**Requirement:** Look through the entries below and extract exactly the lines from the one containing "2Pcs 2 Colors" through the one containing "Nickel | Alabaster", ends included.
Data extracts Block Start
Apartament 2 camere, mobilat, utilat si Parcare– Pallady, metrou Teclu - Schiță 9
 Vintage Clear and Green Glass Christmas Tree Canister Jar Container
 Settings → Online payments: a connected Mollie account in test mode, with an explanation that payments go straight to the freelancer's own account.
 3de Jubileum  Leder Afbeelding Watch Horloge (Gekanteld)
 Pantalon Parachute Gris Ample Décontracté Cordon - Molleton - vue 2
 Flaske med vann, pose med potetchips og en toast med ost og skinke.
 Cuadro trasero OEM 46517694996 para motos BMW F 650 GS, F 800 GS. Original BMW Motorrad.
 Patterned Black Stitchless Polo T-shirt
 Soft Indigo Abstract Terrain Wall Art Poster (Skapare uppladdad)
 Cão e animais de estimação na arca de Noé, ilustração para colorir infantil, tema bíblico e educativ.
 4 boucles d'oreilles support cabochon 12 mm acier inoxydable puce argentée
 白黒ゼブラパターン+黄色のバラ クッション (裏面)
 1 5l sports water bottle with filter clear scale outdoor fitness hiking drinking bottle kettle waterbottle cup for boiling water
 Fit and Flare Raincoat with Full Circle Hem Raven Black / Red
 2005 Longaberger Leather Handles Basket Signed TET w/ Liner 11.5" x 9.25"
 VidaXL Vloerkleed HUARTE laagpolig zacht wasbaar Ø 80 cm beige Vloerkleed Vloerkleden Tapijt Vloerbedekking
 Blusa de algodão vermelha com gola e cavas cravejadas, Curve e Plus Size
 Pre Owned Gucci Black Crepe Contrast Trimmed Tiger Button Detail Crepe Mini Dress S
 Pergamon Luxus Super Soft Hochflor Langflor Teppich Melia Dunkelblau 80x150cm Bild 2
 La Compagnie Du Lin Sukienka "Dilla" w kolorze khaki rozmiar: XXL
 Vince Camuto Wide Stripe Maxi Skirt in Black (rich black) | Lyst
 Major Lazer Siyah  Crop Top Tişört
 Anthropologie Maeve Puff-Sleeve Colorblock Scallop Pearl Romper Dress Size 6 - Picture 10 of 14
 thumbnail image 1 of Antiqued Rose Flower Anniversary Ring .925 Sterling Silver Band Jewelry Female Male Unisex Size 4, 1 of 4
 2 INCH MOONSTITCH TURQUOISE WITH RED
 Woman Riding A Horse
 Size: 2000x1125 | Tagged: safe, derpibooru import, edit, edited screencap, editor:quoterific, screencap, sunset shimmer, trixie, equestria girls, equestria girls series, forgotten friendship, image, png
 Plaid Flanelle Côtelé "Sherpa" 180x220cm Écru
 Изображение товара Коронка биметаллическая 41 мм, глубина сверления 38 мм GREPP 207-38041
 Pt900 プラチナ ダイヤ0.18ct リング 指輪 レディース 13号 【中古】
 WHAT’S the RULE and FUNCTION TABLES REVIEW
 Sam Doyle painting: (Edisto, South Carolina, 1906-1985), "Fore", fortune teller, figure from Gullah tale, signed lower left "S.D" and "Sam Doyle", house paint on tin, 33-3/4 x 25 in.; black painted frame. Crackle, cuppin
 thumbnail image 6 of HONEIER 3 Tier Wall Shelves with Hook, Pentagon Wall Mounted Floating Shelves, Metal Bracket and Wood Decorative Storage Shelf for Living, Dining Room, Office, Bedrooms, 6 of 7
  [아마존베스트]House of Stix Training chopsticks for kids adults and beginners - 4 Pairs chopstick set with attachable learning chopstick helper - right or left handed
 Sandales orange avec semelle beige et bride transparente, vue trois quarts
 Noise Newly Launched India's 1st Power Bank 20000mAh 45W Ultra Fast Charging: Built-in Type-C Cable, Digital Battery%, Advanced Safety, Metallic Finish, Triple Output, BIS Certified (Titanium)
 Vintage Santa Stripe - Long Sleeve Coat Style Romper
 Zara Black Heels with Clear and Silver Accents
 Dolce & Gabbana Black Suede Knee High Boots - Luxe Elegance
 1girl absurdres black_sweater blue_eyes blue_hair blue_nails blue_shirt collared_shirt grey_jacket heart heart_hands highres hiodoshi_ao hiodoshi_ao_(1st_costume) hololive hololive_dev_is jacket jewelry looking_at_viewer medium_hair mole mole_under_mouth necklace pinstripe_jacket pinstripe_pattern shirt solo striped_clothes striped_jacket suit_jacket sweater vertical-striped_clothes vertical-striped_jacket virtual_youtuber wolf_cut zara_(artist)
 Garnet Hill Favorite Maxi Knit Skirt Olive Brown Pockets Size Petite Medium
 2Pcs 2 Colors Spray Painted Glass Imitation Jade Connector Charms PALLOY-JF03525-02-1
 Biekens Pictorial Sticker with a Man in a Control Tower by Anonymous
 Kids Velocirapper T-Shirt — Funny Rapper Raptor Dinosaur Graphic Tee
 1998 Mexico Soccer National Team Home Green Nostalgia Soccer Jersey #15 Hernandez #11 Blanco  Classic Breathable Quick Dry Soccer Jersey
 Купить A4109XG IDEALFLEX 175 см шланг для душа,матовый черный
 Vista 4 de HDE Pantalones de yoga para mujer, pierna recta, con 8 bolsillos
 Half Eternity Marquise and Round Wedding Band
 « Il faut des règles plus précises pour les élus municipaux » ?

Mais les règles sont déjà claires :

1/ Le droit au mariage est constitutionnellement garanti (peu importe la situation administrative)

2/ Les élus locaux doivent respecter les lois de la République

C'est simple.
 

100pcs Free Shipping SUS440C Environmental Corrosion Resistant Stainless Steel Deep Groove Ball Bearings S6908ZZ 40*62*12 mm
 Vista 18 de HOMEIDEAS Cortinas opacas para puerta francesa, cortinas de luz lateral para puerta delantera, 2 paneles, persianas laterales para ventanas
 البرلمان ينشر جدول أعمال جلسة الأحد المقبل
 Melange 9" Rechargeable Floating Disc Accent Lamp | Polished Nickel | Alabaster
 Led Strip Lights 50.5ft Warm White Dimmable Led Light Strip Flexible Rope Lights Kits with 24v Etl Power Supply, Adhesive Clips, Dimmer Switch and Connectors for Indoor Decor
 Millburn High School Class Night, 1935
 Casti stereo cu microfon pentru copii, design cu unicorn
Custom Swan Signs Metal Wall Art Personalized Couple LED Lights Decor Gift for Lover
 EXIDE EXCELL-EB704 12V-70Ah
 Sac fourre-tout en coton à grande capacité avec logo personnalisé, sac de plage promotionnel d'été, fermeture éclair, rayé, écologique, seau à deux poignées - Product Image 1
Data extracts Block End
**Your solution:**
 2Pcs 2 Colors Spray Painted Glass Imitation Jade Connector Charms PALLOY-JF03525-02-1
 Biekens Pictorial Sticker with a Man in a Control Tower by Anonymous
 Kids Velocirapper T-Shirt — Funny Rapper Raptor Dinosaur Graphic Tee
 1998 Mexico Soccer National Team Home Green Nostalgia Soccer Jersey #15 Hernandez #11 Blanco  Classic Breathable Quick Dry Soccer Jersey
 Купить A4109XG IDEALFLEX 175 см шланг для душа,матовый черный
 Vista 4 de HDE Pantalones de yoga para mujer, pierna recta, con 8 bolsillos
 Half Eternity Marquise and Round Wedding Band
 « Il faut des règles plus précises pour les élus municipaux » ?

Mais les règles sont déjà claires :

1/ Le droit au mariage est constitutionnellement garanti (peu importe la situation administrative)

2/ Les élus locaux doivent respecter les lois de la République

C'est simple.
 

100pcs Free Shipping SUS440C Environmental Corrosion Resistant Stainless Steel Deep Groove Ball Bearings S6908ZZ 40*62*12 mm
 Vista 18 de HOMEIDEAS Cortinas opacas para puerta francesa, cortinas de luz lateral para puerta delantera, 2 paneles, persianas laterales para ventanas
 البرلمان ينشر جدول أعمال جلسة الأحد المقبل
 Melange 9" Rechargeable Floating Disc Accent Lamp | Polished Nickel | Alabaster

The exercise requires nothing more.